_Directions for this task_. Reproduce nothing but the lines from the start of the material through the line that includes "There are three", both ends included, and omit every picture.

_Data shown_.
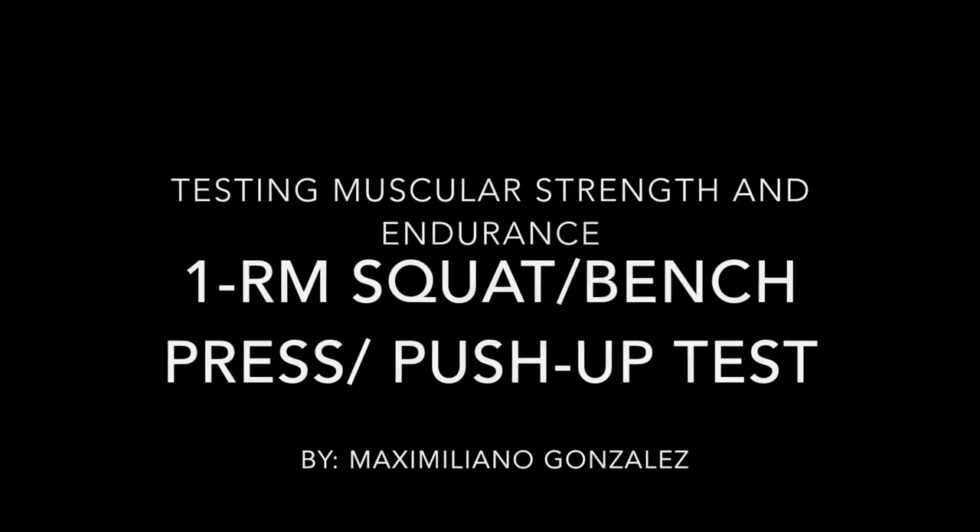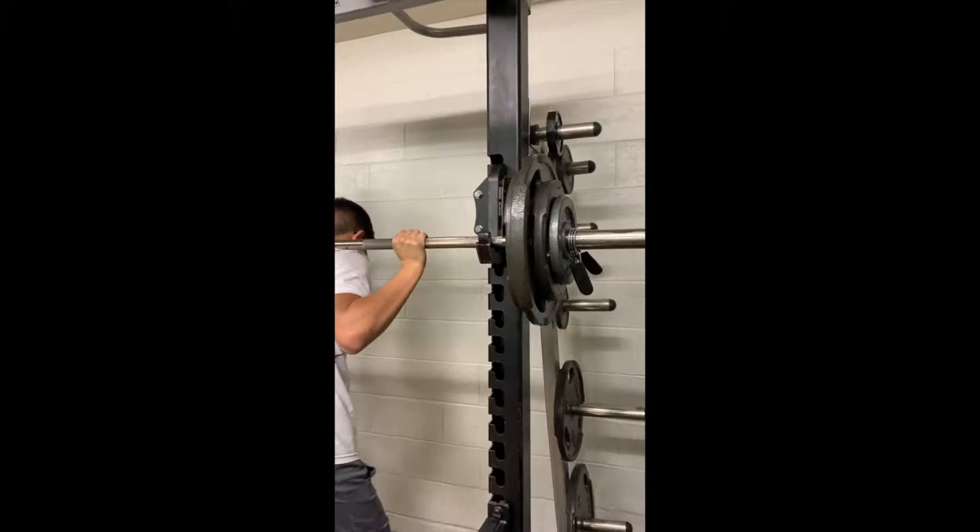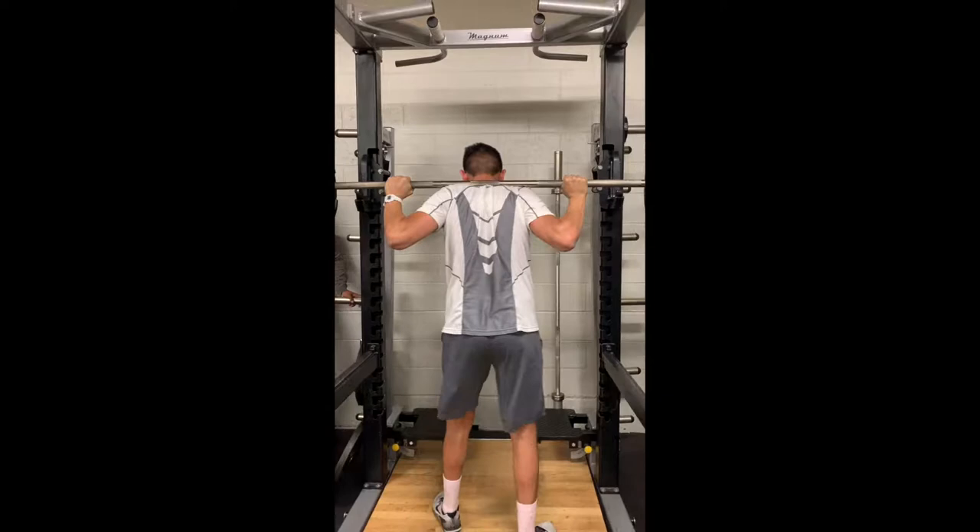First we will perform the test for muscular strength. First is the 1RM squat. Start with at least 10 reps with no weight on the bar and build up to the max weight for the 1RM squat.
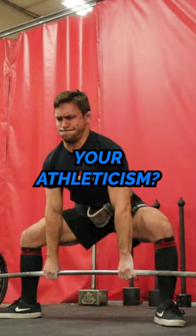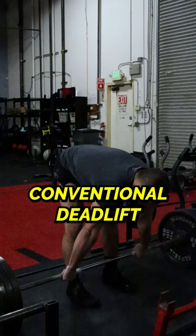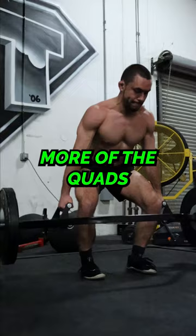There are three main types of deadlifts that you can do. The sumo deadlift, which helps strengthen the posterior chain, hips, and adductors. The conventional deadlift, which tends to place more load on the lower back and the rest of the posterior chain. And the trap bar deadlift, which allows you to disperse the load to the sides of your body and loads up more of the quads and upper back.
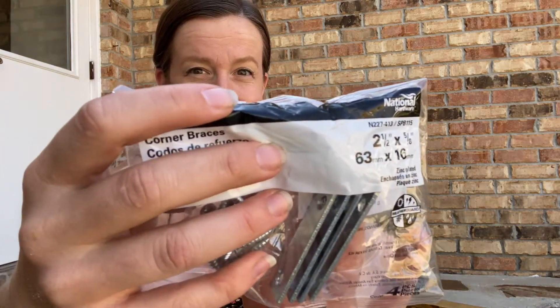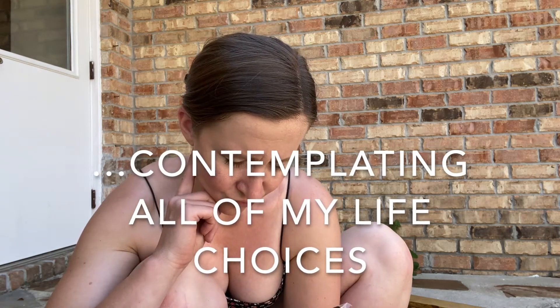Now I'm attaching the railing. I have these L-brackets — two-and-a-half by five-eighths corner braces. I just realized they are zinc-plated, not stainless steel. I went to the hardware store and they didn't have stainless steel, so I'm using zinc and we'll see how long it lasts. I'll probably need to replace it, but everything else with my hardware is stainless steel — that's what I recommend — but we're going with zinc.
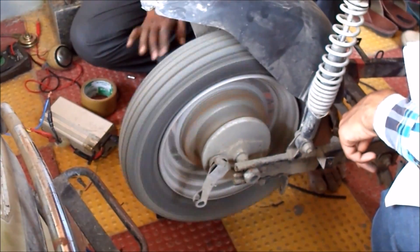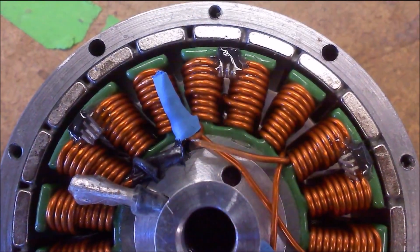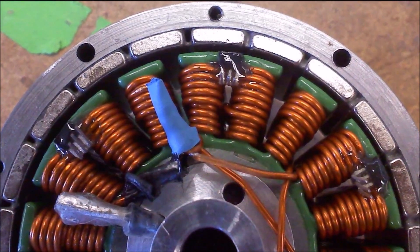The hall sensors are placed in the motor. They detect the winding which is near to the ground. This information is sent to the controller, which sends the current signal to the particular winding. Hence the motion of the vehicle is smooth.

_Completed exercise_.
First we will perform the test for muscular strength. First is the 1RM squat. Start with at least 10 reps with no weight on the bar and build up to the max weight for the 1RM squat.
There are three main types of deadlifts that you can do. The sumo deadlift, which helps strengthen the posterior chain, hips, and adductors. The conventional deadlift, which tends to place more load on the lower back and the rest of the posterior chain. And the trap bar deadlift, which allows you to disperse the load to the sides of your body and loads up more of the quads and upper back.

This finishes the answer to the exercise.